Pensando alle attuali dicerie sugli edifici intelligenti, per gestire l’ingannevole promessa di tecnologia, Anthony Townsend propone una nuova civiltà basata sui seguenti elementi:

Optare per l’intelligenza: molti dei nostri problemi potrebbero essere risolti con la politica, con pianificazioni migliori, costituite da piani o progetti più intelligenti.

Costruire una rete: la competizone è per il controllo delle infrastrutture della città, ma invece di istituire un rigido sistema urbano definito, sarebbe meglio costruire una rete di tecnologie aperte che accolgano il cambiamento.

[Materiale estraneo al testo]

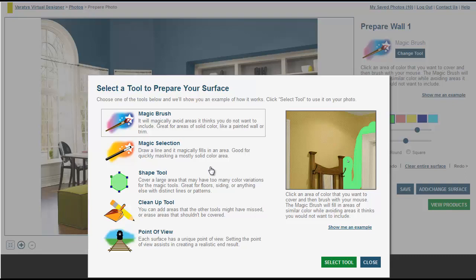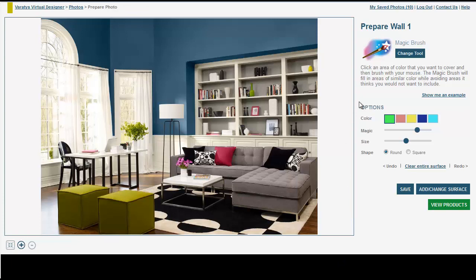In the tool palette, choose the Magic Brush icon and click Select Tool. Now that the Magic Brush is selected, we can alter the tolerance, shape, and size of the Magic Brush. We can even change the color representing our prepared surface.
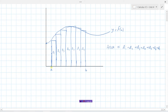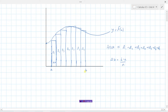The area of each rectangle is base times height. The base of each rectangle is some delta x — some change in x. We can find delta x by taking b minus a and dividing by n, the number of rectangles. Since we chose seven rectangles, delta x equals b minus a divided by seven. So each rectangle has width delta x.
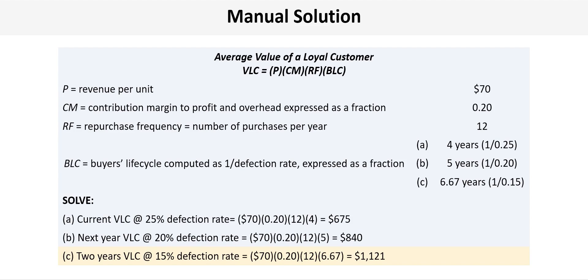A 20% defection rate still is a little higher than this company wants. So 2 years out they set another defection rate improvement target to 15%.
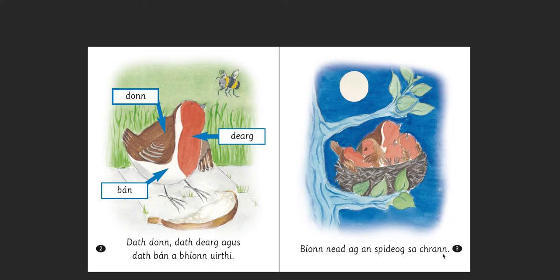Bíonn nead ag an Spideog sa chrann. So, 'nead' — they have a nest in the tree. Let me break this down a bit clearer. If we get rid of 'bíonn' for a second and just think of it as 'tá,' then: tá nead ag an Spideog sa chrann — a nest is at the robin, the robin has a nest, in the tree. But if we had 'tá' here, it would be at this moment in time, whereas we're talking about a habitual action. It happens again and again. So in this case we use 'bíonn.' In Hiberno English, you translate this to 'do be' — they do be having a nest in the tree.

Modello trasparente: il più grande potere dell’informazione nelle smart city è il codice che le controlla. Mostrare gli algoritmi di questi software ed esaminare le decisioni con strumenti di supporto per informare i cittadini e dare loro una nuova consapevolezza urbana.

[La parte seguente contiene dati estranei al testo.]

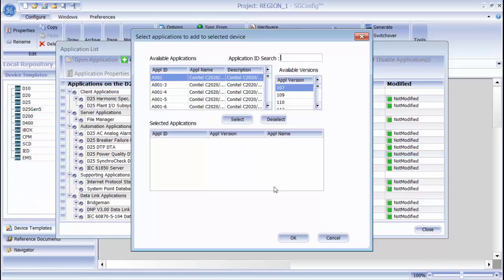If I know the part number of the application that I want to add, I can type it into the Application ID search field. If I don't know it, I can just scroll through the list until I locate the application. Once I have selected the application that I want and the version that I want, I click OK.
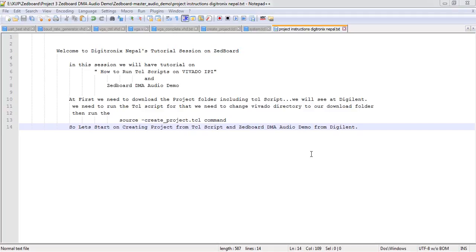Hello guys, welcome to the next tutorial session of Shareboard. In this session we are focusing on how to create a project by TCL script. TCL stands for Tool Command Language — it is a scripting language like Bash in Linux. In TCL we can have different sets of commands which run the overall operation of the project. TCL scripts can be used for creating projects, and we can also create TCL scripts through the graphical interface.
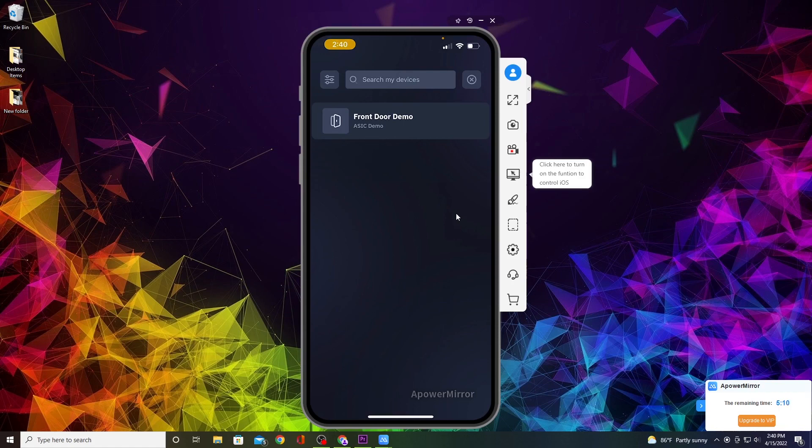That concludes the tutorial on how to use the Brevo Mobile Pass app. I hope this video helps and stay tuned for more videos from our channel.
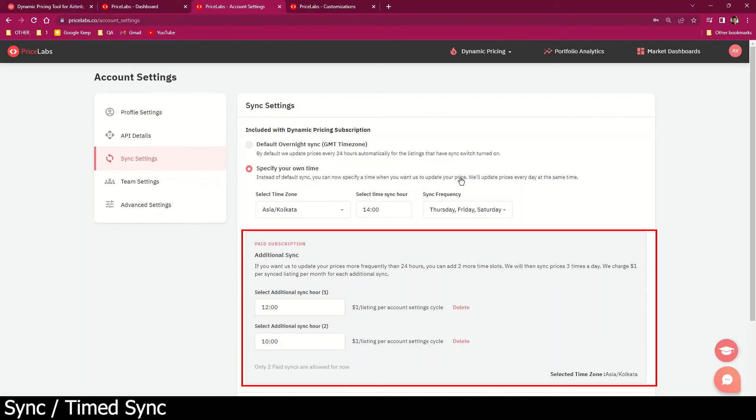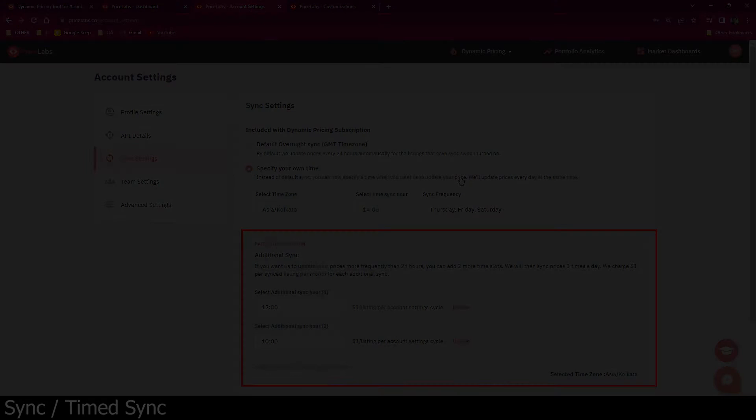This is helpful if you manage a large portfolio and use a lot of occupancy-based adjustments. It will also be helpful in making price changes based on your own internal metrics more frequently. We charge a dollar per listing per month for each additional sync.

Pensare locale e aprirsi al mondo: non solo soluzioni taglia e incolla, prese da altre città. Bisognerebbe costruire per le condizioni locali, condividendo i risultati e le “best practice” con altre città del mondo e replicarle per il mercato locale.

Crowdsource, ma con cura: spesso il crowdsourcing è confuso con la privatizzazione e lascia i cittadini vulnerabili. Non va usato per replicare la pubblica amministrazione, ma per supportarla e integrare il reperimento di risorse materiali e immateriali.

Dati: quelli che oggi sono chiamati “big data” noi spesso dimentichiamo che possono aiutarci per progettare qualcosa con le informazioni.

 Le città connesse possono cambiare la vita alle nostre monotone abitudini quotidiane, il difficile è lavorare sull’efficienza, usandola piu’ di quanto ne consumiamo.

Anthony Townsend, autore del libro Smart Cities: Big Data, Civic Hackers and the Quest for A New Utopia.